Another on-line survey method attracting attention are surveys that are downloaded from the Web and run on previously installed software provided by the researcher. This shifts the computing tasks from the on-line server to the respondent’s PC. Once pre-loaded, the survey software can then read much smaller files that the respondent downloads from the Internet. The result is surveys that run in a very similar manner to the fixed-form interactive surveys. Once the survey has “played” on the respondent’s PC, a data file is created which can then be uploaded the next time the Internet is accessed.
Another variant of this methodology are completely custom programmed surveys that can be downloaded for single-use surveys. This technique gives the research the most control and flexibility of any option mentioned in this article — primarily because the survey can take full advantage of controls, logic and other functions available with the PC’s operating system that might not be supported on the Web. Examples of this type of functionality might include time exposures or live color calibration.
All downloadable studies tend to be more costly and time-intensive than other forms of on-line research. In some instances, they can also require a greater level of respondent sophistication in order to install software and correctly handle the data upload process. If the survey software must be downloaded in order to take the survey, the time requirement (from 20 minutes to two hours) may discourage some respondents. Allowing the respondent to complete the survey off-line (rather than collecting the data live) and then re-establish the data upload connection can also lead to delays and lost surveys.
Typically, we see this form of on-line research being used with panels or pre-recruited groups who regularly communicate with the survey organizer.

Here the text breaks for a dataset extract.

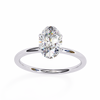 Daisy Solitaire Ring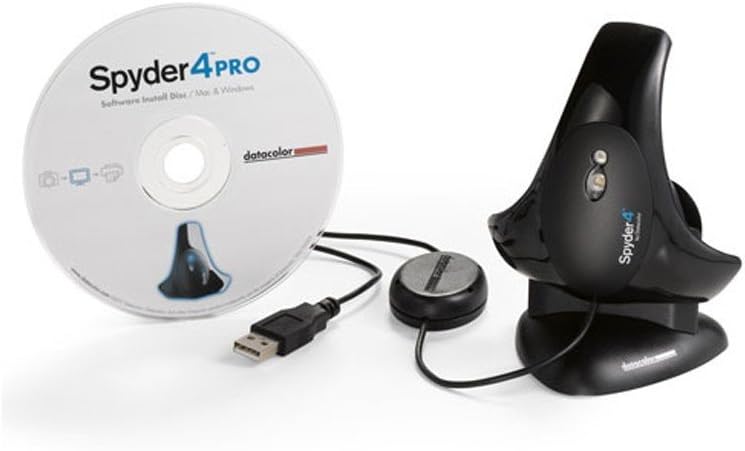 Datacolor S4P100 Spyder4Pro Display Calibration Colorimeter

Web moderated interviewing: chat interviews and other discussion formats (qualitative)
The last form of research that is taking place on-line are the qualitative, real-time chat interviews. Although some people refer to these as on-line focus groups, we believe that they are significantly different in style and output to warrant a different classification.
In these chat interviews, the logic and control mechanisms are supplied by a highly skilled human moderator. People enter the interviewing chat session and then type the answers to questions posed by the moderator. While the results from traditional focus groups can be highly influenced by the skill of the moderator, these on-line chat sessions are doubly tricky. Just as the traditional moderator must control the overly enthusiastic participant, the on-line moderator must control the “tyranny of the fastest typist.”
The key benefits of chat interviews are highly related to the non-physical nature of the medium. By conducting these discussions on-line, respondents from far-flung regions can be brought quickly together with no facility or travel expense. Session moderation fees are generally higher than those for traditional focus groups (due to the increased technical skill requirements), this is usually offset, however, by the previously mentioned cost savings. Pre-recruiting non-panel participants to any form of on-line study remains as expensive as recruitment for traditional studies.
New methods and technologies are giving researchers a much broader range of options for conducting research on-line. Expense and timing considerations can be better matched with need for controls and flexibility in questionnaire design issues. At last, the objectives of the research can be the key focus of the activity without the limitations of the medium playing a dominant role in the assessment of options.